## [Task brief]
Exact wording is required: transcribe all the entries and leave the images out.

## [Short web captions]

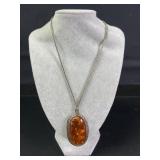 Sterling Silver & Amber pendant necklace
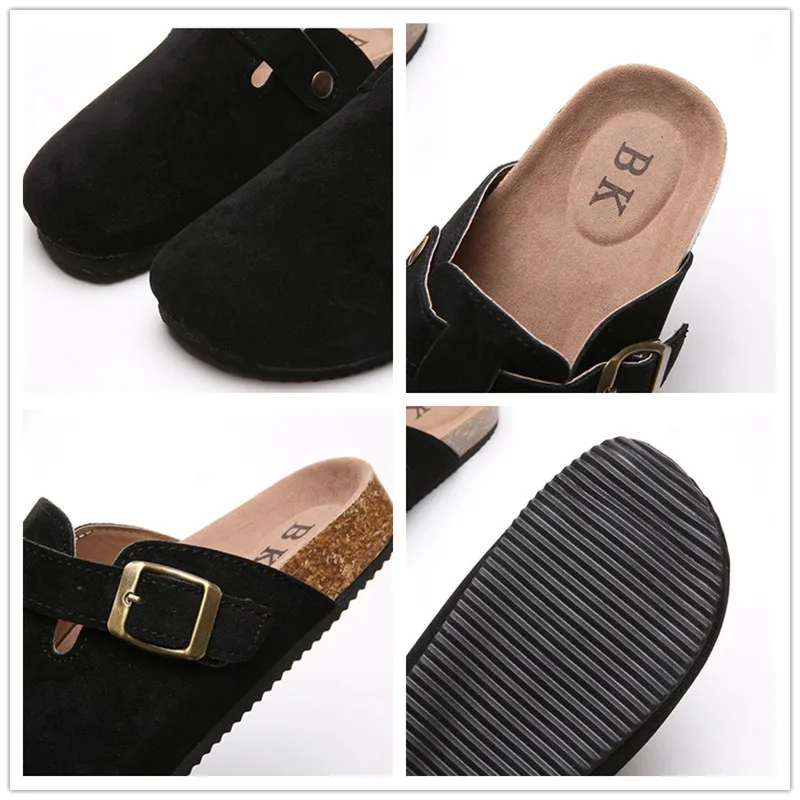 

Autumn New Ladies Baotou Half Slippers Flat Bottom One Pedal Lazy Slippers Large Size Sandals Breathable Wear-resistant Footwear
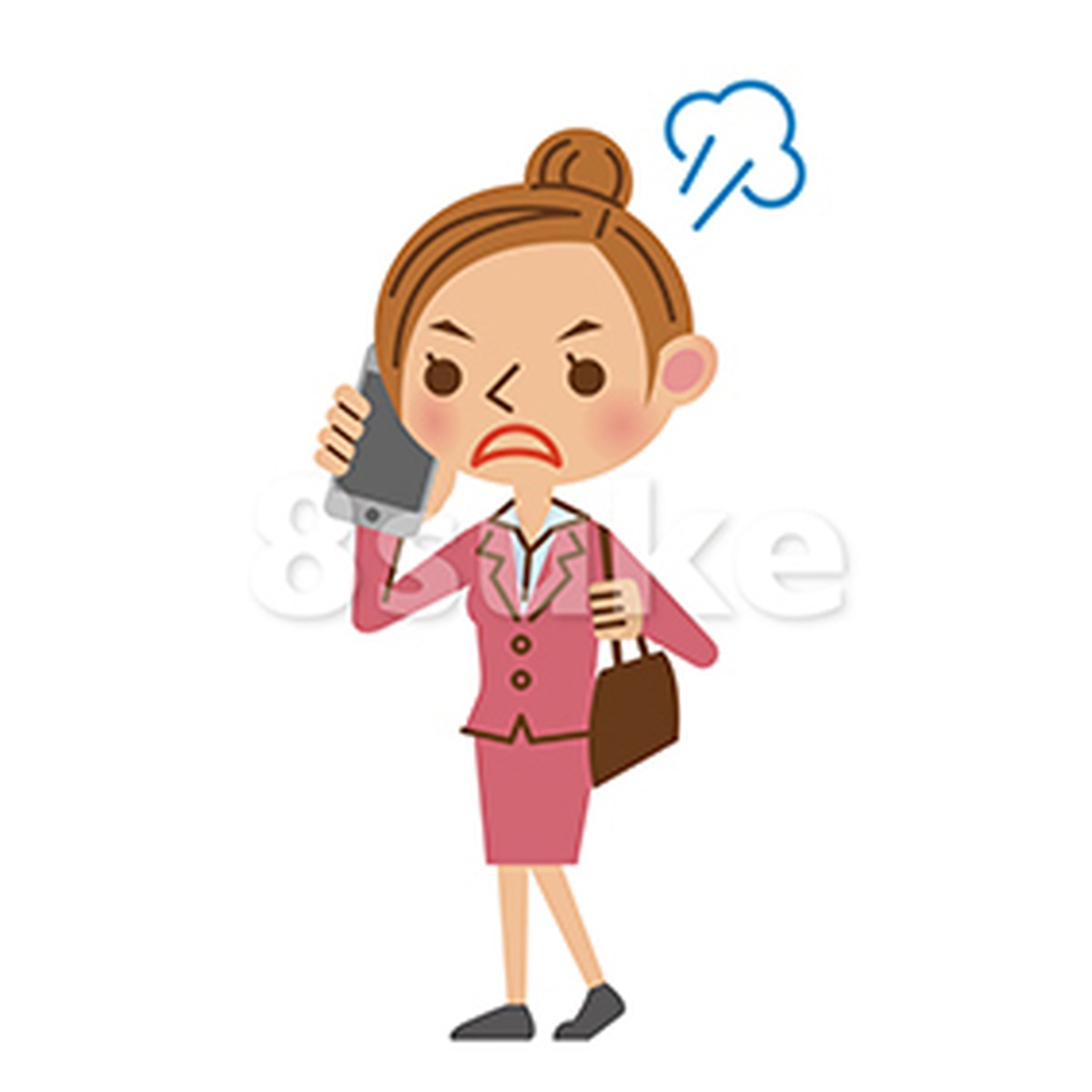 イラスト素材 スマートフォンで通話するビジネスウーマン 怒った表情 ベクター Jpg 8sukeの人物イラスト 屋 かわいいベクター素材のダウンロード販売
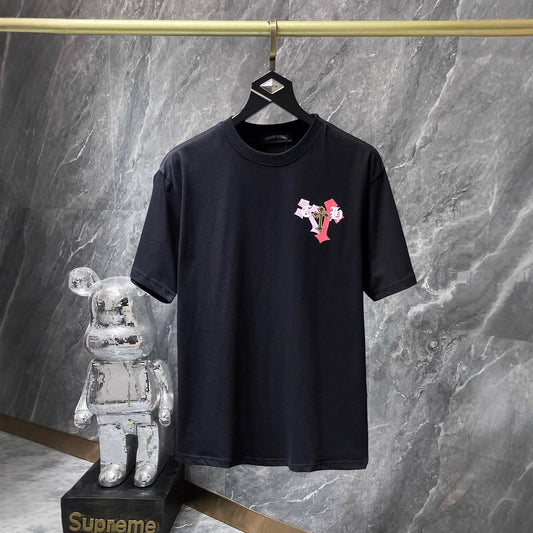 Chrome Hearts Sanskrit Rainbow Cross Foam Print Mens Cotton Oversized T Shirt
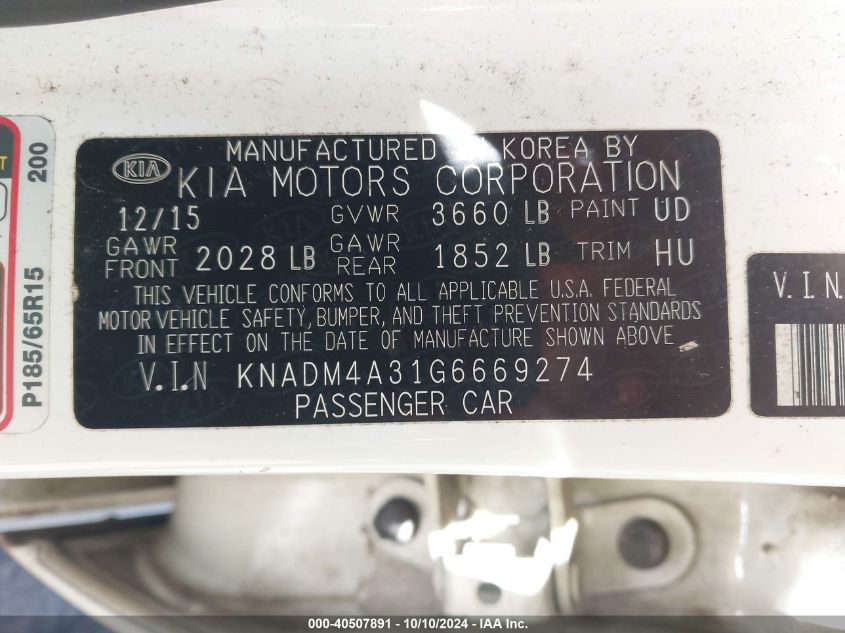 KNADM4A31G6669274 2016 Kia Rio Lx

## [Answer]
 Sterling Silver & Amber pendant necklace

Autumn New Ladies Baotou Half Slippers Flat Bottom One Pedal Lazy Slippers Large Size Sandals Breathable Wear-resistant Footwear
 イラスト素材 スマートフォンで通話するビジネスウーマン 怒った表情 ベクター Jpg 8sukeの人物イラスト 屋 かわいいベクター素材のダウンロード販売
 Chrome Hearts Sanskrit Rainbow Cross Foam Print Mens Cotton Oversized T Shirt
 KNADM4A31G6669274 2016 Kia Rio Lx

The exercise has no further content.